I didn’t really learn what a determinant was until my second year of college. In fact, I wasn’t really sure what the purpose of a matrix was until college, either. I knew they vaguely had something to do with solving systems of equations (another nightmare of a problem to do by hand).
I did not realize that they are actually one of the most useful tools in all of the applied sciences.

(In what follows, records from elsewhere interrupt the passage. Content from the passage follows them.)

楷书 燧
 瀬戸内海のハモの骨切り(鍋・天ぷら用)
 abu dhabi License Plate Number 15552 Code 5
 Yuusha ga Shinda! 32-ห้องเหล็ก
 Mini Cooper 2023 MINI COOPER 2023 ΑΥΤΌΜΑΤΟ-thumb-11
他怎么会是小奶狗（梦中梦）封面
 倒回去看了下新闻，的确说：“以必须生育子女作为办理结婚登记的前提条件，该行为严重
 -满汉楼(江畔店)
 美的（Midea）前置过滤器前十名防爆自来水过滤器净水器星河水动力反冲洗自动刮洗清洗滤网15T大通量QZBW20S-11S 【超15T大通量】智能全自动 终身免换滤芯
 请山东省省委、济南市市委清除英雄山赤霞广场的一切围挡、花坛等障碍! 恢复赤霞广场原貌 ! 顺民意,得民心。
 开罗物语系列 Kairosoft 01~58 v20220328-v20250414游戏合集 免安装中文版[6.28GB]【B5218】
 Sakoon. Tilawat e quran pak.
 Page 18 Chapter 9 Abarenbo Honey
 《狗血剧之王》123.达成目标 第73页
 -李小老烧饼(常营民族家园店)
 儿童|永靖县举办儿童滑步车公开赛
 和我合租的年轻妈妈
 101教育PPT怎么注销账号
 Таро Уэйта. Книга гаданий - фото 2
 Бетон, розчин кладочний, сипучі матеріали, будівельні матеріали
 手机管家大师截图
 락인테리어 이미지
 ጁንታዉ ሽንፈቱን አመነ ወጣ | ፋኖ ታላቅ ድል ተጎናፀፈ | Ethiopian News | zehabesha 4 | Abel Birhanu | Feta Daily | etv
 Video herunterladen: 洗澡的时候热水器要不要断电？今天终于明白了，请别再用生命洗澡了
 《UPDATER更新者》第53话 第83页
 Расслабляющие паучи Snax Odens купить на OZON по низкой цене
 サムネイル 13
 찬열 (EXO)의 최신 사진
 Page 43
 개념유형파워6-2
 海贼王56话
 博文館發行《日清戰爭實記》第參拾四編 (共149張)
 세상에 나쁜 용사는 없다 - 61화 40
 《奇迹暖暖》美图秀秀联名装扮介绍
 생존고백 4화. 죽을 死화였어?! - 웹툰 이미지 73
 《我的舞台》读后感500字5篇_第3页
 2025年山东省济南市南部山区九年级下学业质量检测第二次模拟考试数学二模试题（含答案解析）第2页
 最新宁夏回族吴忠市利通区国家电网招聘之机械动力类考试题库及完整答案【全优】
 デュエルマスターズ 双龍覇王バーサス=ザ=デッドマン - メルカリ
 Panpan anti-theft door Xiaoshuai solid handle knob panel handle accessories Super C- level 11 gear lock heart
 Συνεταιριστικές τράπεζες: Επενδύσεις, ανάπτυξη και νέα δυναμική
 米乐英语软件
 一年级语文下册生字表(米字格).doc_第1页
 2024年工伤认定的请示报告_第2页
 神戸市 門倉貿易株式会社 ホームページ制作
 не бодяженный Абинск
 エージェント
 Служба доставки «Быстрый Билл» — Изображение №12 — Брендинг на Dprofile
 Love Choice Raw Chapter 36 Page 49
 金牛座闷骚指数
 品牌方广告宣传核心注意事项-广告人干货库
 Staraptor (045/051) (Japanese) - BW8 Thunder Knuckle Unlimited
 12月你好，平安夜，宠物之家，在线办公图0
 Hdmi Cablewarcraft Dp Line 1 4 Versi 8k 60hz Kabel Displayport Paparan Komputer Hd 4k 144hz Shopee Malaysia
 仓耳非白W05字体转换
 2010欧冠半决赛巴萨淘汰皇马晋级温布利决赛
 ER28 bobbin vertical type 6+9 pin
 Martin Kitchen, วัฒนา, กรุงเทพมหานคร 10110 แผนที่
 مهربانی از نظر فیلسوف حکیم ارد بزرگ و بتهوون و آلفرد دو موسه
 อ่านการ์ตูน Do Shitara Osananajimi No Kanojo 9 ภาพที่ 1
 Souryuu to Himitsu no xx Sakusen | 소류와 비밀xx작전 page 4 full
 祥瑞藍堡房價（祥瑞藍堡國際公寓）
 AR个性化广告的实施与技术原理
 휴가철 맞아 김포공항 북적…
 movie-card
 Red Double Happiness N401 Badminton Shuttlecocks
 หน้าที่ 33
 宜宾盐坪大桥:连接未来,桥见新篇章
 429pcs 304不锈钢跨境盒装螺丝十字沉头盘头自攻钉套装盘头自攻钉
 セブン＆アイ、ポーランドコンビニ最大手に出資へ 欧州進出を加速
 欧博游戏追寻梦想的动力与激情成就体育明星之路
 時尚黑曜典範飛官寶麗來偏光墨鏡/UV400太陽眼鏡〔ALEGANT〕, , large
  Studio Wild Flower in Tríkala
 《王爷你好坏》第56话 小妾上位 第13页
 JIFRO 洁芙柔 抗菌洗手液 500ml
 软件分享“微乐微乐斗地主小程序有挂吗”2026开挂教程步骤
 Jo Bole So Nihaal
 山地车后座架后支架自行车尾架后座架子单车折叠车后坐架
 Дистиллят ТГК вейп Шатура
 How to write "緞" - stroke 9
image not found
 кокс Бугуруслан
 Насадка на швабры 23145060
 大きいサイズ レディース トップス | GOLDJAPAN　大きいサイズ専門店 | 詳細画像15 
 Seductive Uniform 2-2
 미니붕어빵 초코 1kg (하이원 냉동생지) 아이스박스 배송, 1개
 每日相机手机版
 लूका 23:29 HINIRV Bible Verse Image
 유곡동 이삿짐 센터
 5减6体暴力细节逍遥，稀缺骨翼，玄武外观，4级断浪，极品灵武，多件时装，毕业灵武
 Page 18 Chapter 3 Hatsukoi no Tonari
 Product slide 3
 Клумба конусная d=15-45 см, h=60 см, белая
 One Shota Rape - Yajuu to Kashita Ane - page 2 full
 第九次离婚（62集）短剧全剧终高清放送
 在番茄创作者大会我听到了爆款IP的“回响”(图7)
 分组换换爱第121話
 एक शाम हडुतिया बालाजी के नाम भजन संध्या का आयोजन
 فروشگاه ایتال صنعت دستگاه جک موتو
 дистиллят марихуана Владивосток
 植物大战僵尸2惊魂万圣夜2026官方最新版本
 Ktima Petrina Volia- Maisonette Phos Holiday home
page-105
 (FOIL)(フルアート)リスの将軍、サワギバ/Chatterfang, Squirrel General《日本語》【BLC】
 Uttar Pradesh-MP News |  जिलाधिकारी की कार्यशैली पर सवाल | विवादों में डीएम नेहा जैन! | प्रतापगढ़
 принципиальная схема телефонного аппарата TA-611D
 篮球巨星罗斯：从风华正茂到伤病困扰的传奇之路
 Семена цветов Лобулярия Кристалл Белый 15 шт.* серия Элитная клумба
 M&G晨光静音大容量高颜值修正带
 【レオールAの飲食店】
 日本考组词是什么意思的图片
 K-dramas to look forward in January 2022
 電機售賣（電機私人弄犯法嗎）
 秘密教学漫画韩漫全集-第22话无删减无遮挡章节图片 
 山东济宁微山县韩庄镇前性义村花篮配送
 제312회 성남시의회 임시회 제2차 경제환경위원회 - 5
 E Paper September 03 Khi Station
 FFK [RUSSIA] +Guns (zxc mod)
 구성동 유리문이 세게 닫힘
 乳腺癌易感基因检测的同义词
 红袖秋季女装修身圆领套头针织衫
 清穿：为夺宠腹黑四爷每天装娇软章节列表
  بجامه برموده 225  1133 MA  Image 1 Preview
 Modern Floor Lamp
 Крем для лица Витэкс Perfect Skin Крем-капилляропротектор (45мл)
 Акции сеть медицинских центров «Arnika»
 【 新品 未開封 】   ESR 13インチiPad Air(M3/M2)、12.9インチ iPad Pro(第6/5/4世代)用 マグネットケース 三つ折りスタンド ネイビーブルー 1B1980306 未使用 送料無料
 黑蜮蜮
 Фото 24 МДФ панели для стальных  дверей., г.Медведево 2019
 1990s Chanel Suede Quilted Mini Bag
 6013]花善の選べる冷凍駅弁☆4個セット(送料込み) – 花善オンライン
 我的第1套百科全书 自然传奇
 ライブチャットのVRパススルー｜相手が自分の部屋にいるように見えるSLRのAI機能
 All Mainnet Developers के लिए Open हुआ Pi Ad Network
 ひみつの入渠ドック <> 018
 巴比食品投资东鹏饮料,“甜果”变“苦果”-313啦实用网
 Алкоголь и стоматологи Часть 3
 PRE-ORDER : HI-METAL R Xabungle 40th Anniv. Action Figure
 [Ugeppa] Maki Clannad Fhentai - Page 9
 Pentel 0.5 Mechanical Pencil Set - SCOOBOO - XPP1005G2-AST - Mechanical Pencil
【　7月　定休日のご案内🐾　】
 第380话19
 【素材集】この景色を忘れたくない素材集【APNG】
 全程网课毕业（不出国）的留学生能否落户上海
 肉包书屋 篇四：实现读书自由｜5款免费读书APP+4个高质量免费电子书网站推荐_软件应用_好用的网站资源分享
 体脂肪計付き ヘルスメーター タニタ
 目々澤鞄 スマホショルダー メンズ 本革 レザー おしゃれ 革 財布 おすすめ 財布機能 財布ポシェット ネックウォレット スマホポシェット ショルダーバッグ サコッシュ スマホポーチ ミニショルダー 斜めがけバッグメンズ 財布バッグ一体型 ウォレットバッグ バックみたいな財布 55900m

This dichotomy stems from the very purpose of matrices clashing with how they were introduced to me: the reason we write data in matrices—the reason we define these strange multiplication rules—the reason we have these algorithms for finding determinants—is because it is convenient.
“But!” interjects Suzie, “You just finished complaining about how annoying it was to do anything with matrices by hand.”
That’s because no one in their right mind does anything involving individual matrix entries by hand unless they absolutely have to. Matrices, and the more overarching formalism surrounding their theory—Linear Algebra—are extremely powerful tools that allow the efficient analysis of abstract objects called vector spaces. The convenience of using matrices is inextricably tied to the fact that so many physical systems are vector spaces. Essentially all of the intuition for what defines a vector space is in this image:
That is, vectors spaces are those sorts of objects that can be added together in this “tip-to-tail” way, with some additional rules describing how to stretch or shrink the little arrows (vectors) when multiplied by a constant—rules that behave essentially how you would expect them to. If you multiply a vector by 3, it becomes three times as long, while pointing in the same direction, etc.
Seen in this way, matrices are just rows (or columns) of vectors. Matrix multiplication, then, is just a procedure for operating vectors on other vectors. Finding a determinant is just a procedure for determining whether or not a set of vectors has a particular property.
But no one told me this. Until college.
Probably no one reading this with an education that included a differential equations class would be surprised by any of my claims—he or she will likely have already used linear algebra to analyze a large dataset (with a computer, hopefully). To wit, trying to convince such readers of the importance of matrices is philosophically identical to trying to convince them of the usefulness of addition and subtraction.
Less people have an intuition for the sheer number of systems that follow these rules, nor know that there are actually open problems pertaining to things as fundamental as matrix multiplication. For example: the fastest algorithm to multiply two matrices together is not known (a new record for fastest asymptotic algorithm was actually found last year).
Few people that aren’t computer scientists know that graphics cards are essentially designed to optimize matrix and other vector related operations, as the computationally intensive part of most modern video games involves what amounts to tracing vectors through space.
Others probably don’t know that Google’s breakthrough search algorithm, PageRank, is an extremely clever matrix operation.
Few other than physicists and chemists know that understanding linear algebra is 90% of the battle that is understanding Quantum Mechanics (Feynman might suggest that no one really wins the last 10%).
When divorced from their innumerable real world applications, matrices look silly, are a headache to write down, and seem pointlessly arcane.
But linear algebra is as important for the engine of modern scientific innovation as the digital computer.